*Names in bold indicate Presenter
At APPAM this fall we would like to present a new round of findings that dig deeper into the city’s high school reform effort and speak directly to the conference goal of integrating research and public policy decision-making. Specifically, with an additional cohort of students graduating from high school, we will report findings that address the following questions:
- Did New York State’s phase-out of the least rigorous type of high school diploma granted to regular education students - local diplomas – change SSC effects on graduation rates?
- Did SSCs sustain their positive effects in the face of increasing graduation rates, on average, across other NYC high schools against which they are being compared?

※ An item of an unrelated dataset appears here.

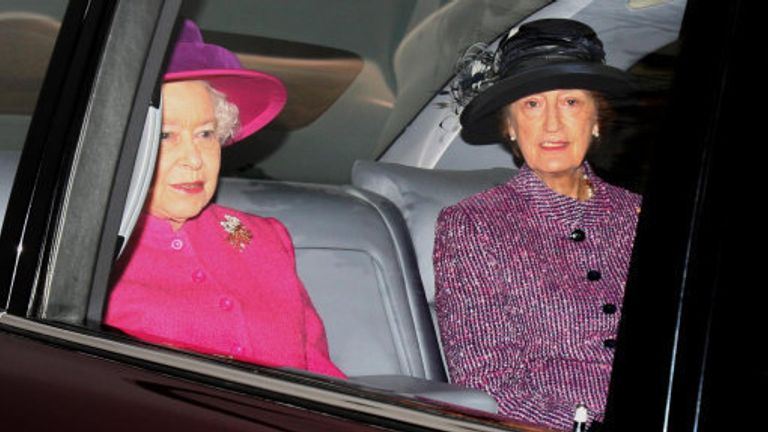 The Queen and Lady Hussey in 2011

- Do special education students and English language learners also experience a positive and statistically significant effect of SSC enrollment? (These subgroups were too small to report separate findings from previous analyses.)
- Once we account for student attrition over time (using a model-based imputation approach plus a naïve and very conservative alternative imputation), is the estimated effect of SSCs on graduation rates still positive and statistically significant?
- Do SSC teachers exert an inordinate amount of influence on their students’ scores on New York State Regents exams (which are part of students’ high school graduation requirements)? And if so, might this explain part of the observed positive effects of SSCs on high school graduation rates?
[1]Bloom, Howard S. and Rebecca Unterman. 2012. Sustained Positive Effects on Graduation Rates Produced by New York City’s Small Schools of Choice. New York: MDRC.
Bloom, Howard S., Saskia Levy Thompson, and Rebecca Unterman. 2010. Transforming the High School Experience: How New York City’s New Small Schools Are Boosting Student Achievement and Graduation Rates. New York: MDRC.